Figure 5: Stack and RSB with retpoline enabled (step 7)

Deploying Retpoline - Compilers

Since most indirect branches are generated by compilers when building a binary, deploying retpoline requires recompiling the software that needs mitigation. A retpoline-capable compiler can avoid generating any vulnerable indirect CALL or indirect JMP instructions and instead uses retpoline sequences. Of course, for code not generated by the compiler (such as inline assembly) programmers must insert retpoline sequences manually.

Deploying Retpoline – Runtime Patching

One option when deploying retpoline is to have the compiler insert a full retpoline sequence at each indirect branch that needs mitigation. However this makes the code larger than needed, so the preferred option is to have the program itself provide the retpoline sequences in one central place, and then have the compiler refer to these sequences. For example, the program might provide the sequence shown in Table 2 above at a location called retpoline_target_in_rax.

Table 3: Example of Central Retpoline Sequence3
Before retpoline call *%rax
After retpoline call retpoline_target_in_rax

The program might also provide retpoline sequences for many possible call instruction possibilities, such as for making calls to targets stored in each of the general purpose registers.

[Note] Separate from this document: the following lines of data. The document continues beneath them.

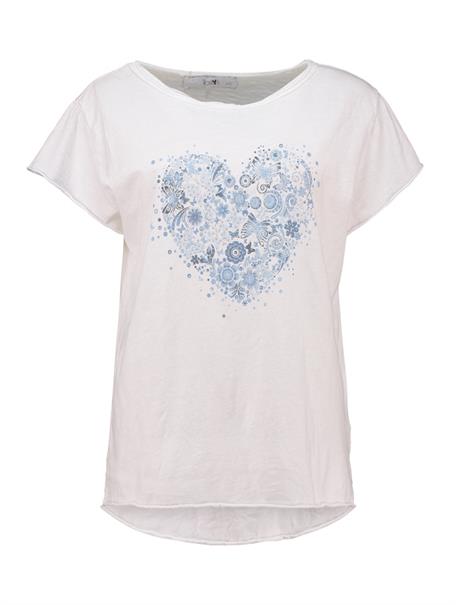 SS C TP Sv44enja 8099 heart flowers blue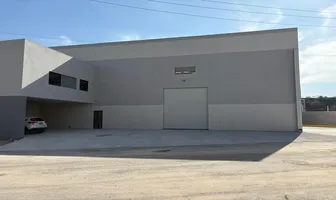 Foto de inmueble en Sin nombre de calle, Col. Terra Park Santa Catarina II C.P. 66367, Santa Catarina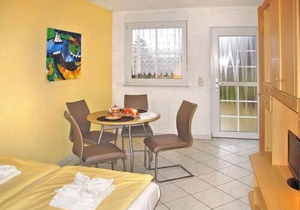 Apartment Waldstraße in Bansin - 4 persons, 1 bedrooms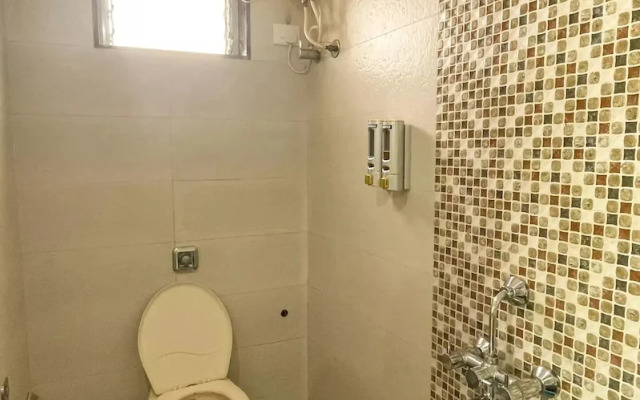 Beach Village Resort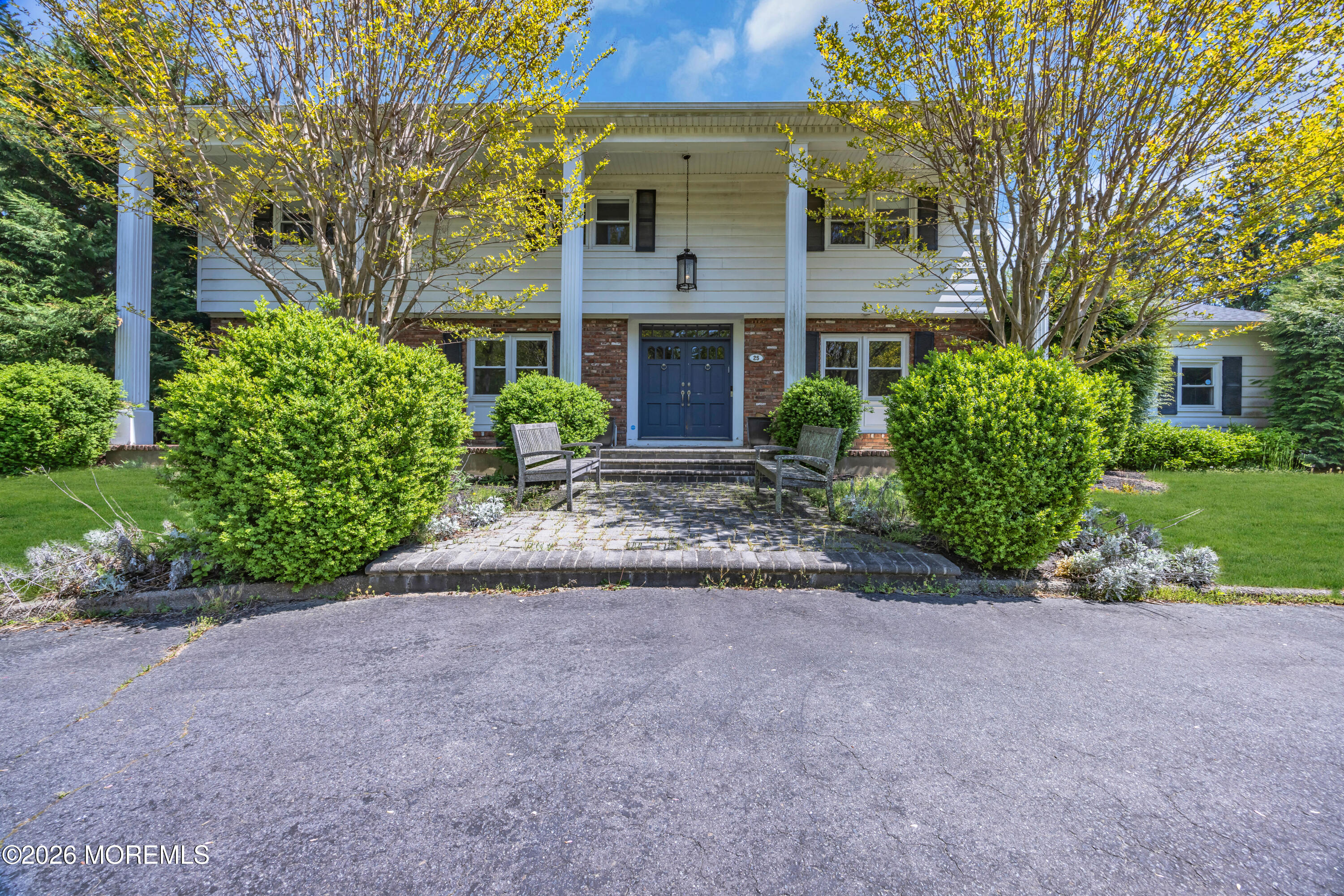 25 Surrey Lane Ocean Twp NJ 07712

This approach provides a more compact instruction sequence at each indirect call site, and also concentrates the retpoline implementations into a controlled set of locations. Programs supporting runtime patching (such as the Linux* kernel) can evaluate systems for vulnerability to branch target injection. If the system is not vulnerable (such as on systems with older processors, or with future processors implementing enhanced IBRS mitigations), the program-provided retpoline sequence can be replaced with a non-mitigated sequence.

Table 4: Runtime Patch Example for Mitigated CPUs
Mitigated Code Runtime patch for mitigated CPU
retpoline_target_in_rax:
  1.      jmp label3
       label0:
  2.     call label1
    Capture_ret_spec:
  3.        lfence

 

retpoline_target_in_rax

  1.        call *%rax
  2.        ret
    // never reached:
  3.        lfence
    ...

Interaction with Control-flow Enforcement Technology (CET)

Control-flow Enforcement Technology (CET) is a future CPU technology which provides capabilities to defend against Return-Oriented-Programming (ROP) control-flow subversion attacks. However, the retpoline technique closely resembles the approaches used in ROP attacks. If used in conjunction with CET, retpoline might trigger false positives in the CET defenses.

To avoid this conflict, future Intel® processors implementing CET will also contain hardware mitigations for branch target injection (enhanced IBRS), that obviate the need for retpoline. On these processors, runtime patching can be used both to remove conflicts with CET and regain use of the indirect branch predictor for hardened indirect branch speculation.

Speculation Barriers

Although the retpoline sequence includes slow instructions like LFENCEPAUSE, and INT3, these instructions only execute in speculative code that never retires, and thus they do not have significant performance impact.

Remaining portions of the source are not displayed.